During the illness, death gradually was not only a piece of information for me. Doctor visits, drugs, cures, hospitals…Death was none of them. It was being gone from the world. Where I am gone from here, my reincarnation belief, and the concept of life in other forms after death primarily did not matter much. With my experiences, I had now an idea of something’s being gone and not being here anymore. The reality death wanted me to understand was this. Seeing the place and naturality of death in lifecycle without adding other meanings to it. Ending of life in this world and me remaining with all the reflections of it.


My son’s brain shrinkage is called atrophy in medicine. It is defined as the reduction in size of a normal-scaled organ afterwards. However, when its origin is considered, it means a waste or wasting away through lack of nourishment.

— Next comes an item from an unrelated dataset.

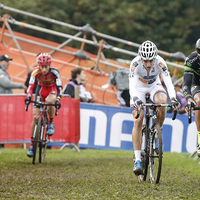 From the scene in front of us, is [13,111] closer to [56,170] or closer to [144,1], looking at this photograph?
[56,170]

When I used the word metaphorically and applied it to my life, I always thought of the following question: “Waste of what or what was wasted?”.


Waste of life.


When life is not wasted and when it is attributed meaning, death acquires meaning.


Here it is. When I feel this connection, experience it a little and live with it, a lively bond emerges between all my activities, thoughts, feelings and the world; not like a book that I finish reading and put away. I can see how meticiously I weave this bond, how everything related to me and the world interacts with each other and how lively I keep all of these. This area is a magical one in which even the ordinary things I do have a meaning. In this magical area, nothing I live loses its meaning, difficult experiences still compel me, but I move into a witnessing state elegantly and curiously. Without forcing me to choose one, my sadness and joy and my rebellion and acceptance could coexist.


Life is so big that it is more than all of us. It is not restricted by my personal life. What is restricted is perhaps my understanding. I do not view death as the opposite of life. On the contrary, death makes room for life. Death exists for the continuity of life. How I live my life influences how I experience death. If there is atrophy in my life, it is impossible for me to accept death. Apart from this, intense sorrow (sometimes its rebellion) of not being able to see my children again coexists with my admiration for the greatness of life and the acceptance of the service to its continuity by my dying.


I see that life is not something related to me, but I am something related to it. So is death.